INFORMATION SUPPLIED:
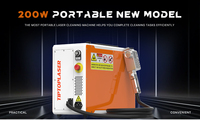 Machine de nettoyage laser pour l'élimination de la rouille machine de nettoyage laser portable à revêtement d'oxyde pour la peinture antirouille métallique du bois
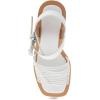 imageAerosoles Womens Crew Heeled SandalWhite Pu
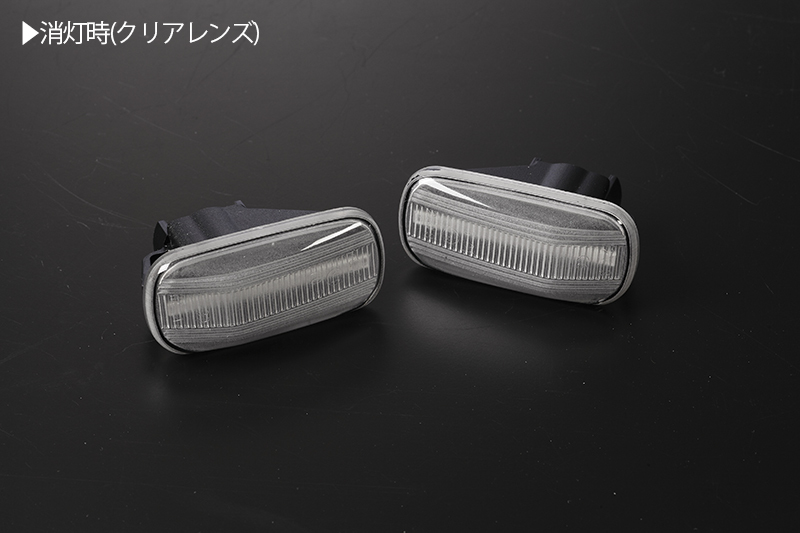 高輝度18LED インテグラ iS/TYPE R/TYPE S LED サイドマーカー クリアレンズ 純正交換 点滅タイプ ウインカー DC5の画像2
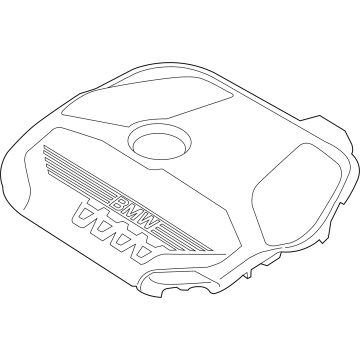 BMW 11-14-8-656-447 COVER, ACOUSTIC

WHAT IS NEEDED: Reproduce the material above in full and without alteration, but skip all pictures.

OUTPUT OF THE TASK:
 Machine de nettoyage laser pour l'élimination de la rouille machine de nettoyage laser portable à revêtement d'oxyde pour la peinture antirouille métallique du bois
 imageAerosoles Womens Crew Heeled SandalWhite Pu
 高輝度18LED インテグラ iS/TYPE R/TYPE S LED サイドマーカー クリアレンズ 純正交換 点滅タイプ ウインカー DC5の画像2
 BMW 11-14-8-656-447 COVER, ACOUSTIC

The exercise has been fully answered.